--- Given data ---
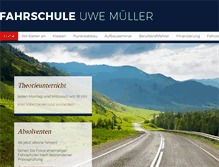 Tablet Screenshot of fahrschule-uwe-mueller.de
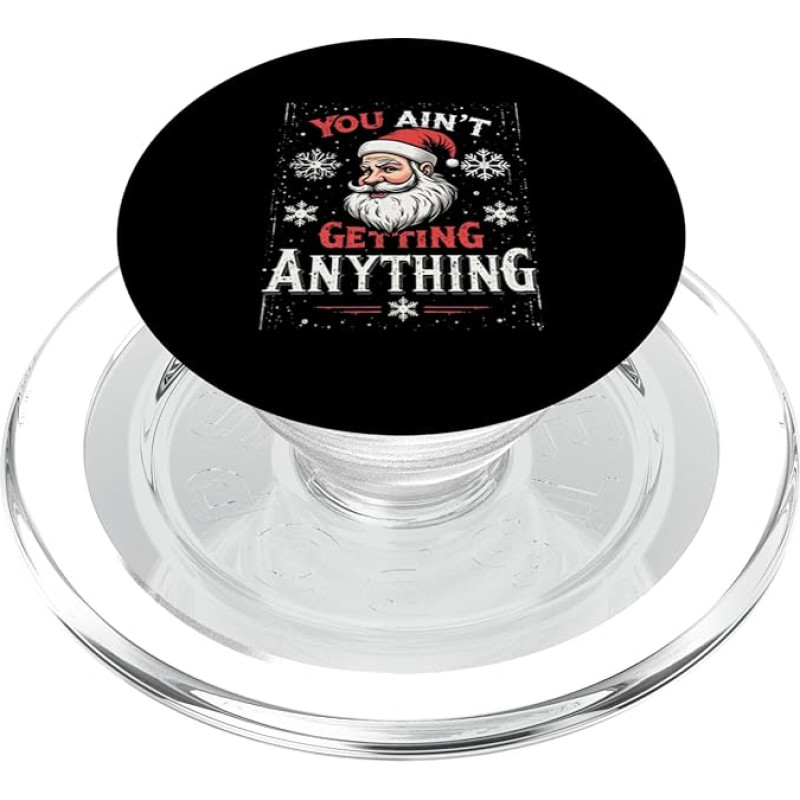 JUMS NIEKO NEGALIMA Weihnachtsmann Humoras PopSockets PopGrip für MagSafe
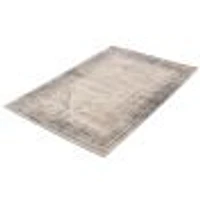 Tapis Raina gris foncé, ivoire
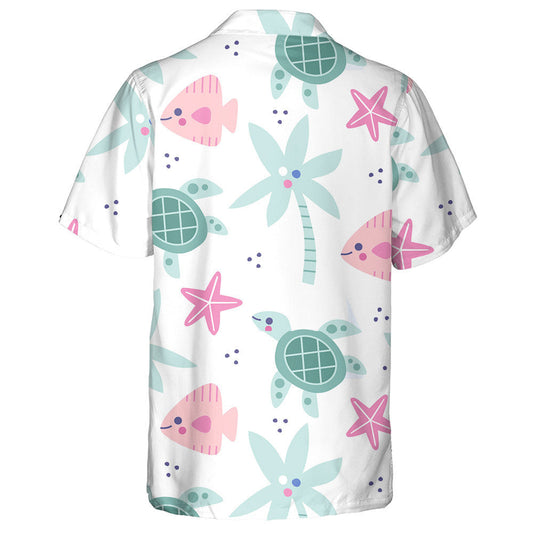 Turtar ag Snámh san Aigéan Cúlra Léine Haváí na Gréine, Bronntanas Léine Haváíais, Bronntanas Nollag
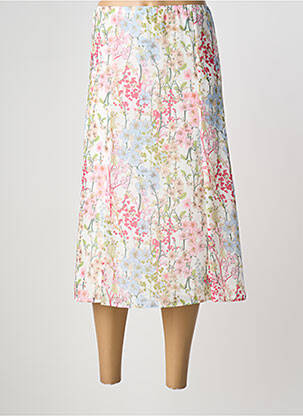 Jupe mi-longue doublure rose SOMMERMANN femme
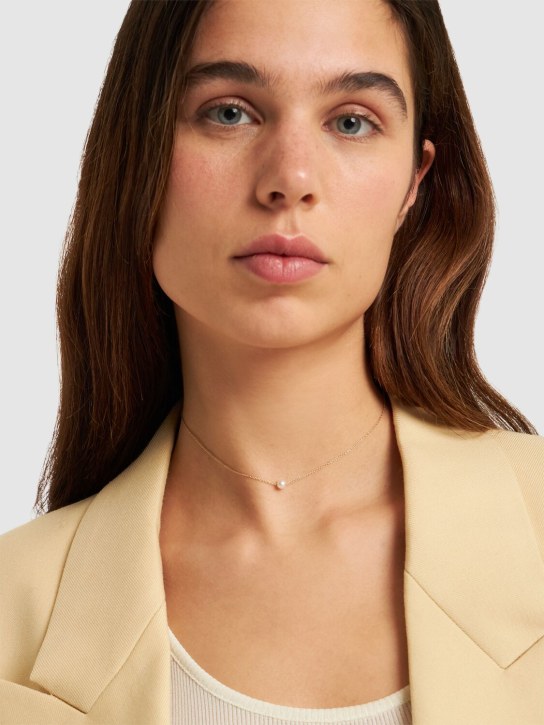 Sophie Bille Brahe: Stella Simple 14kt gold & pearl necklace - Pearl/Gold - women_1 | Luisa Via Roma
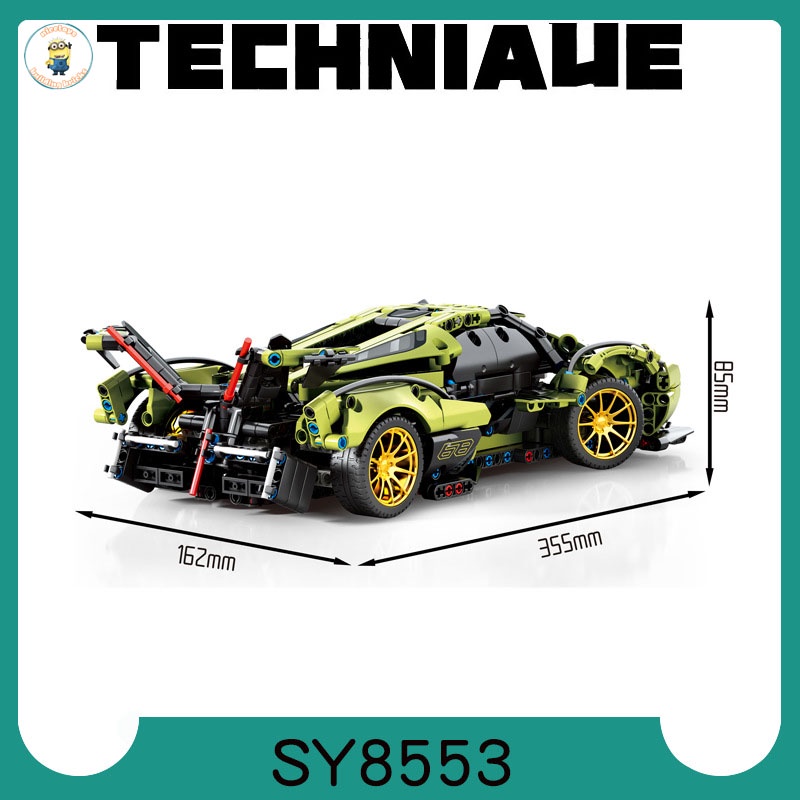 Đồ Chơi Lắp Ráp Xếp Hình Mô Hình Siêu Xe Lamboghini V12 Vision GranTurismo Điều Khiển Từ Xa RC No.8553 Với 1000+ PCS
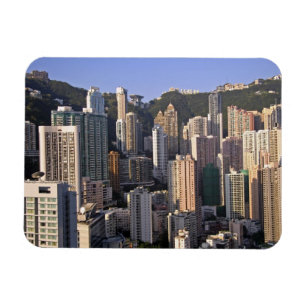 Ímã paisagem urbana de Hong Kong, China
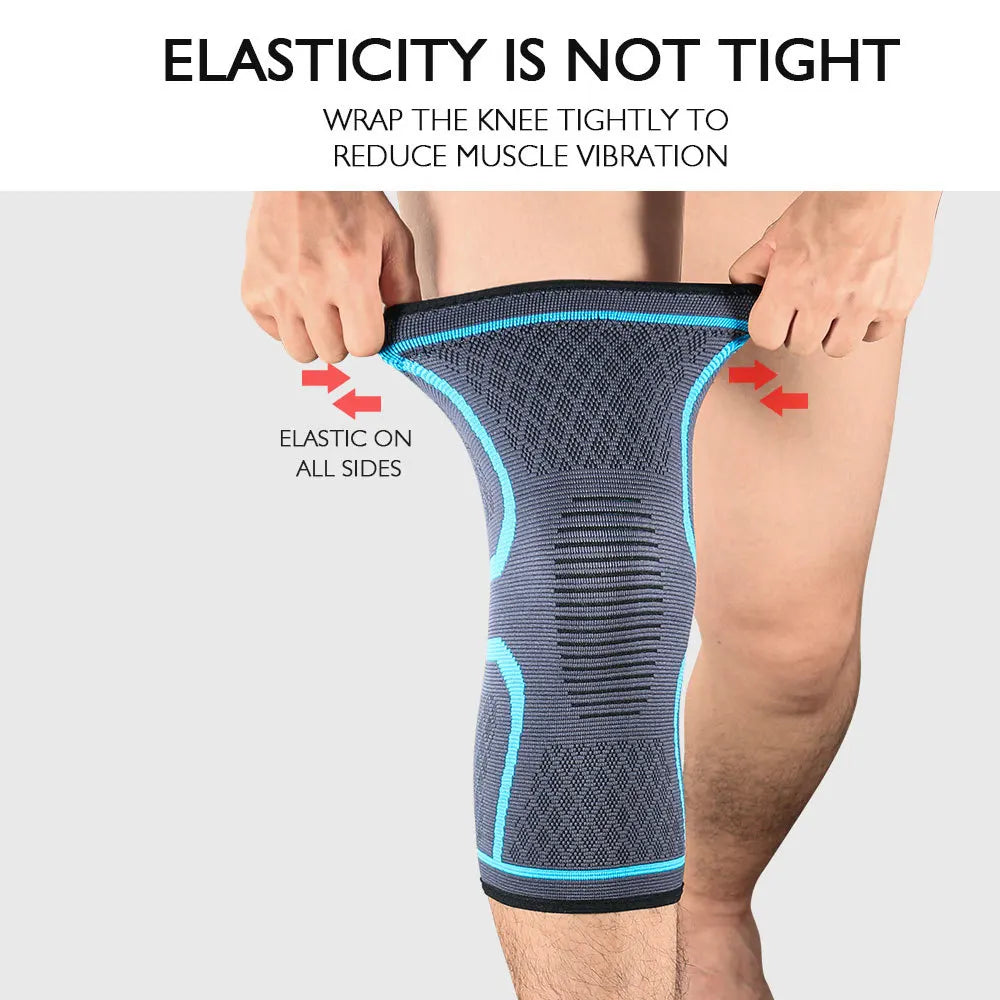 1/2PCS Fitness Running Cycling Knee Support Braces Elastic Nylon Sport Compression Knee Pad Sleeve for Volleyball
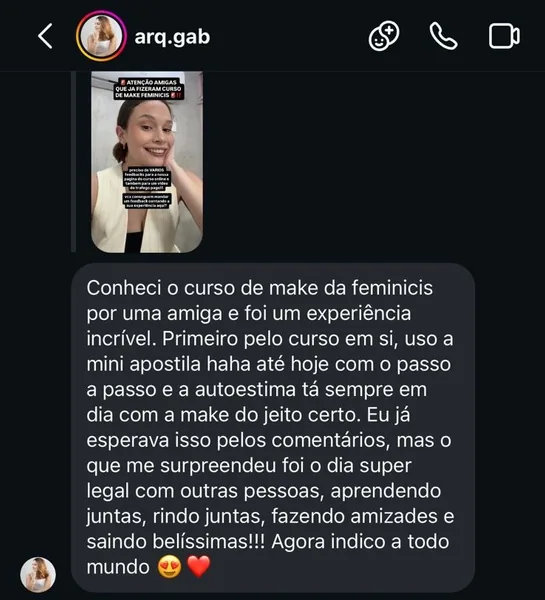 Depoimento de aluna 5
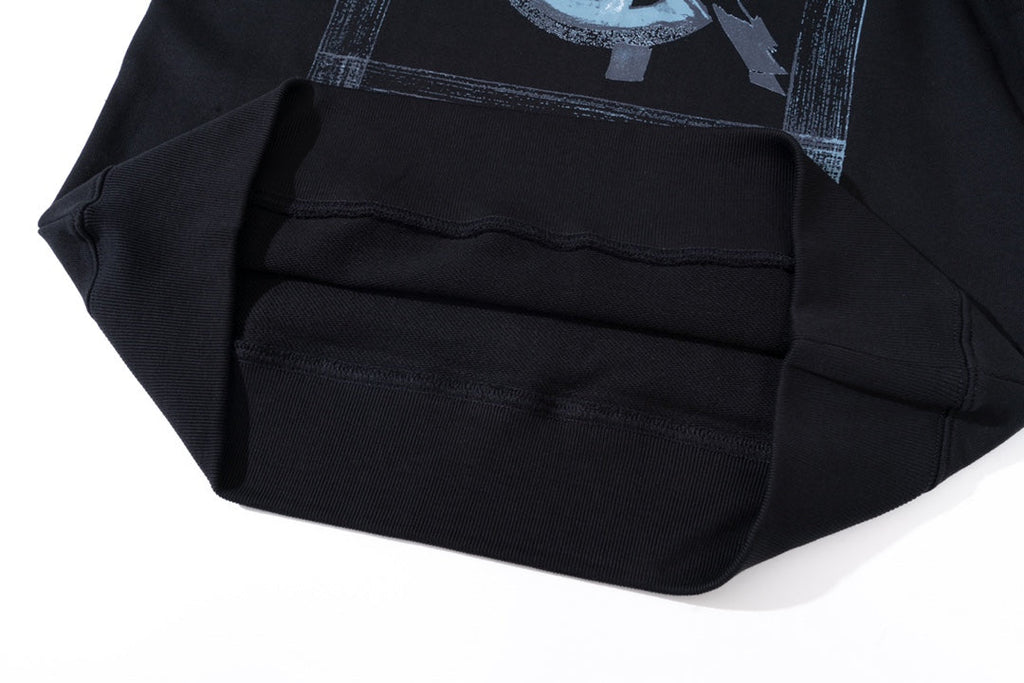 Simple Printed Sweatshirt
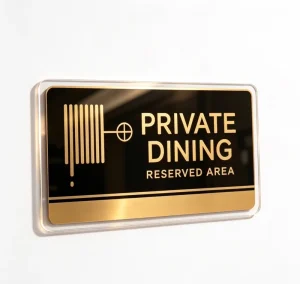 Custom Neon Acrylic Door Sign Hotel Room Number Plate Wall Mount House Number Sign Custom Logo Shape Color Office Buildings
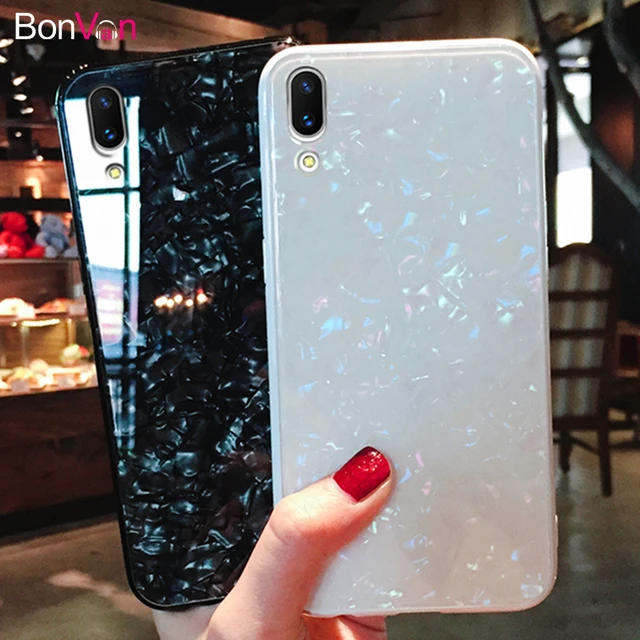 Cheap BONVAN Tempered Glass Case For Huawei P20 Pro p20 Dream Shell Glitter Hard Cover For Huawei P20 lite Soft Silicone Bumper Case Cheap BONVAN Tempered Glass Case For Huawei P20 Pro p20 Dream Shell Glitter Hard Cover For Huawei P20 lite Soft Silicone Bumper Case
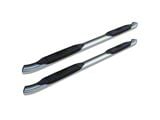 Raptor Series 4-Inch OE Style Curved Oval Side Step Bars; Polished Stainless Steel (03-09 RAM 2500 Quad Cab)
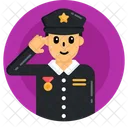 Police Officer Policeman Patrolman Icon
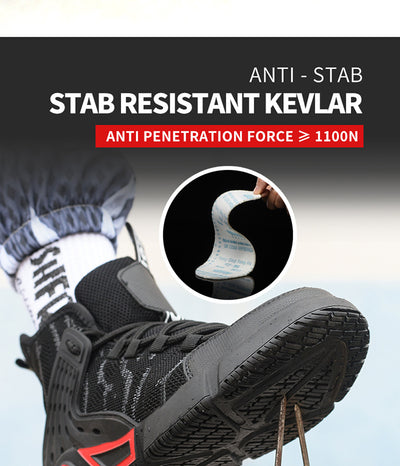 Zapatos de Seguridad Profesionales Ligeros Anti-impacto para Hombre - Image 15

--- Requirement ---
A verbatim printout of the entries above is expected, free of pictures.

--- Result of the task ---
 Tablet Screenshot of fahrschule-uwe-mueller.de
 JUMS NIEKO NEGALIMA Weihnachtsmann Humoras PopSockets PopGrip für MagSafe
 Tapis Raina gris foncé, ivoire
 Turtar ag Snámh san Aigéan Cúlra Léine Haváí na Gréine, Bronntanas Léine Haváíais, Bronntanas Nollag
 Jupe mi-longue doublure rose SOMMERMANN femme
 Sophie Bille Brahe: Stella Simple 14kt gold & pearl necklace - Pearl/Gold - women_1 | Luisa Via Roma
 Đồ Chơi Lắp Ráp Xếp Hình Mô Hình Siêu Xe Lamboghini V12 Vision GranTurismo Điều Khiển Từ Xa RC No.8553 Với 1000+ PCS
 Ímã paisagem urbana de Hong Kong, China
 1/2PCS Fitness Running Cycling Knee Support Braces Elastic Nylon Sport Compression Knee Pad Sleeve for Volleyball
 Depoimento de aluna 5
 Simple Printed Sweatshirt
 Custom Neon Acrylic Door Sign Hotel Room Number Plate Wall Mount House Number Sign Custom Logo Shape Color Office Buildings
 Cheap BONVAN Tempered Glass Case For Huawei P20 Pro p20 Dream Shell Glitter Hard Cover For Huawei P20 lite Soft Silicone Bumper Case Cheap BONVAN Tempered Glass Case For Huawei P20 Pro p20 Dream Shell Glitter Hard Cover For Huawei P20 lite Soft Silicone Bumper Case
 Raptor Series 4-Inch OE Style Curved Oval Side Step Bars; Polished Stainless Steel (03-09 RAM 2500 Quad Cab)
 Police Officer Policeman Patrolman Icon
 Zapatos de Seguridad Profesionales Ligeros Anti-impacto para Hombre - Image 15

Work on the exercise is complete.